#### Image-caption web data:
--*--
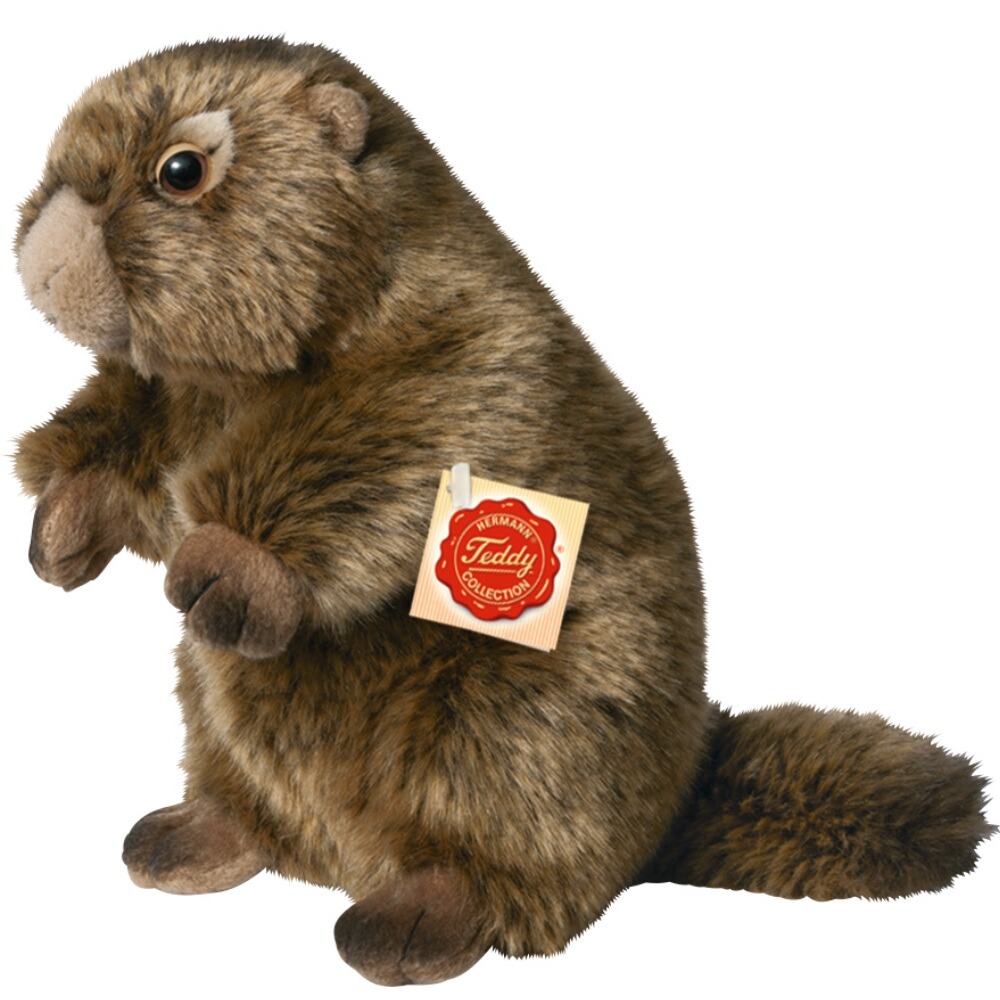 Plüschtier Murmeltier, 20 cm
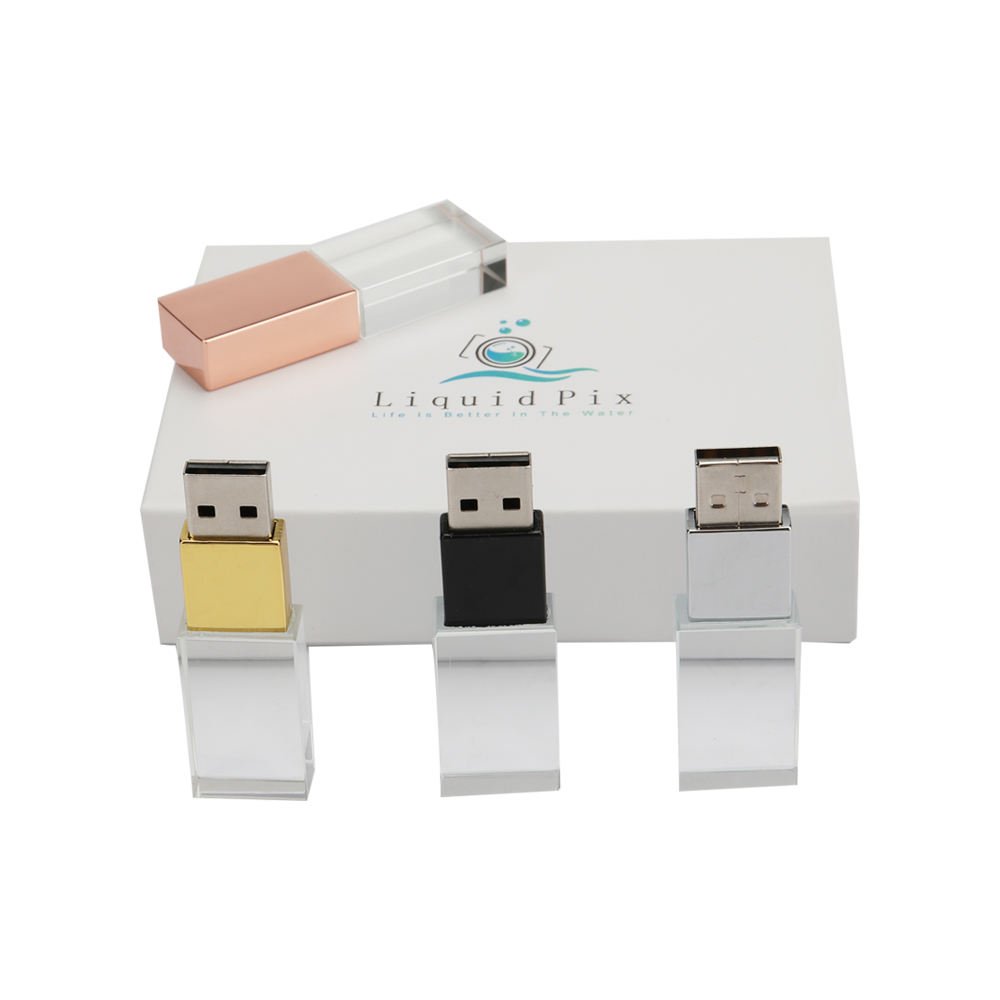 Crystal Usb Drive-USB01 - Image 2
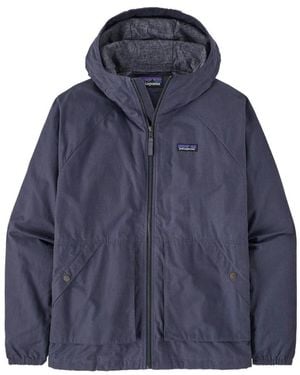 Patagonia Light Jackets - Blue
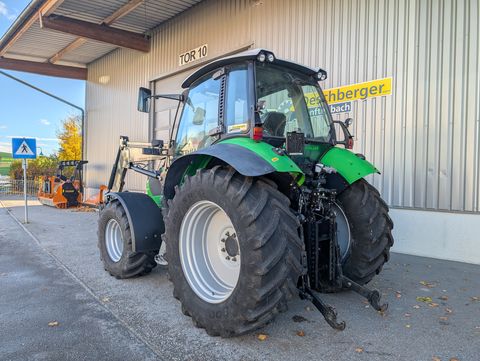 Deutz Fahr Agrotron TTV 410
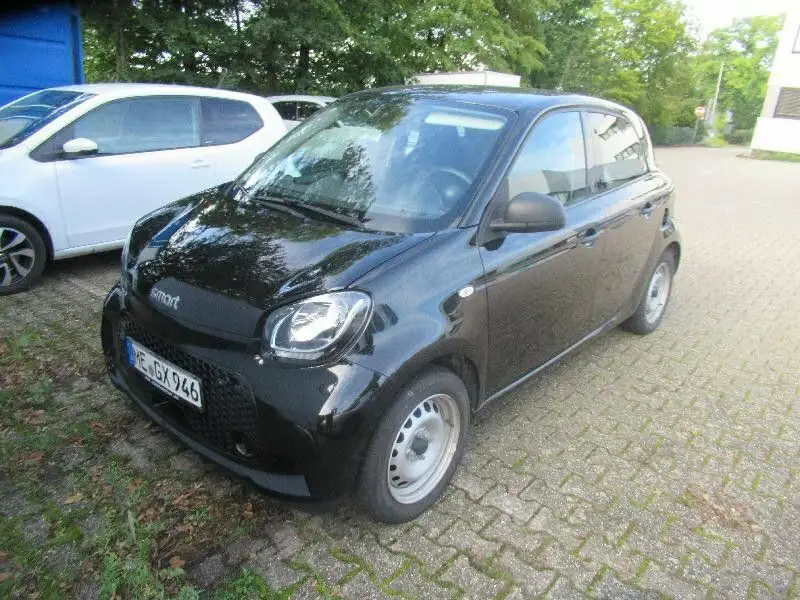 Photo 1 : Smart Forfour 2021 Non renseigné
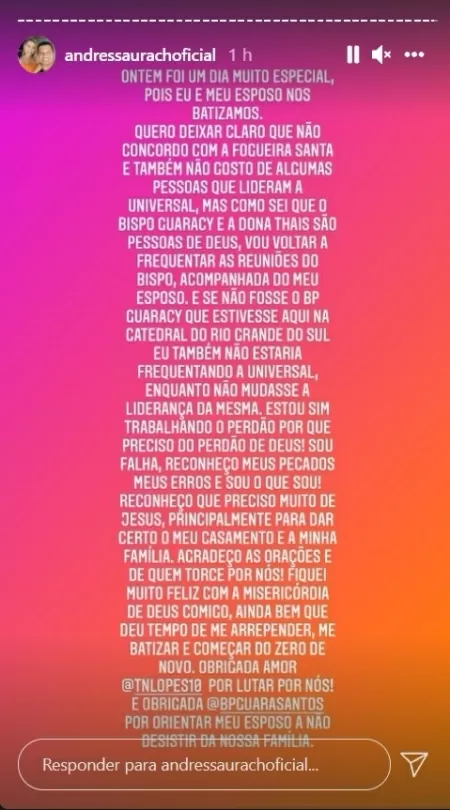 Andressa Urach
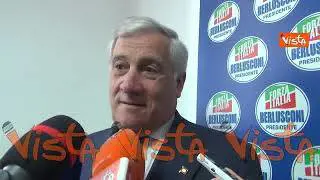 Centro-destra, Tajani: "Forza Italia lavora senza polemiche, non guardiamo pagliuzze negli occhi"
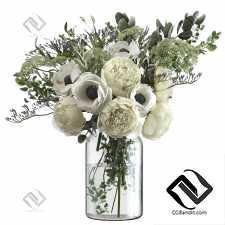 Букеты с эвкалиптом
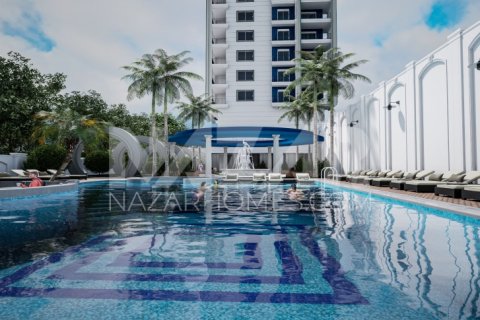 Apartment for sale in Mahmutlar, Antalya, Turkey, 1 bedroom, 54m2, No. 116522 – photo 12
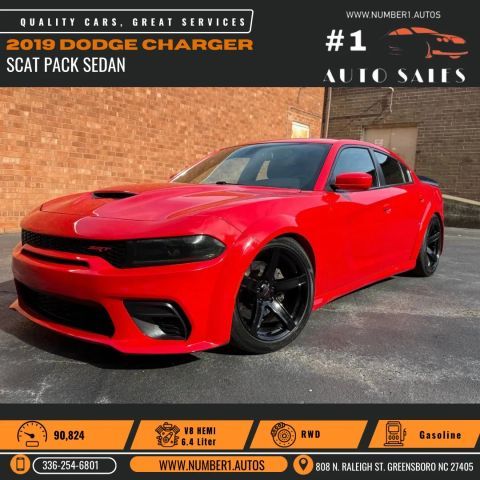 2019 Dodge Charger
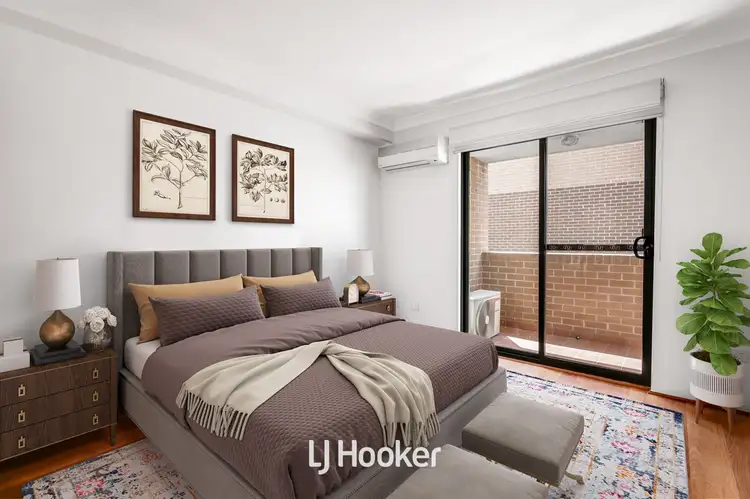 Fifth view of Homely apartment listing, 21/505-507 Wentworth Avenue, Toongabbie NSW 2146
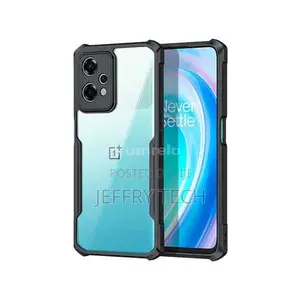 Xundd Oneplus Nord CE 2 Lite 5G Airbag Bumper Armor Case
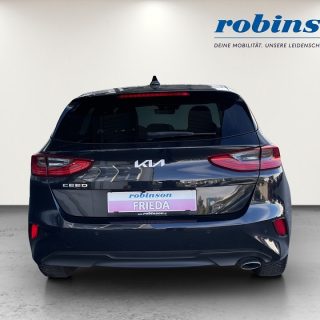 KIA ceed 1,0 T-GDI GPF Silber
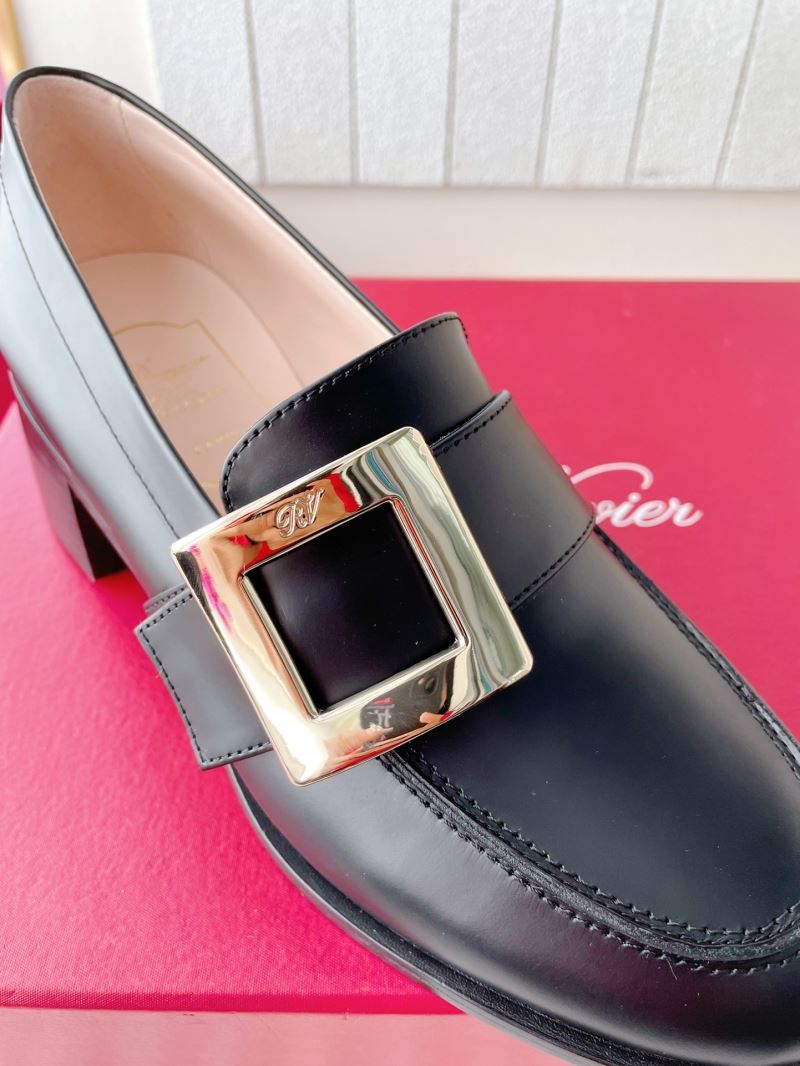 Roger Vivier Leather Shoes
--*--
Only the lines from the one containing "2019 Dodge Charger" through the last line of the entries, both included, should be repeated exactly, and the pictures should be left out.

#### Expected answer:
 2019 Dodge Charger
 Fifth view of Homely apartment listing, 21/505-507 Wentworth Avenue, Toongabbie NSW 2146
 Xundd Oneplus Nord CE 2 Lite 5G Airbag Bumper Armor Case
 KIA ceed 1,0 T-GDI GPF Silber
 Roger Vivier Leather Shoes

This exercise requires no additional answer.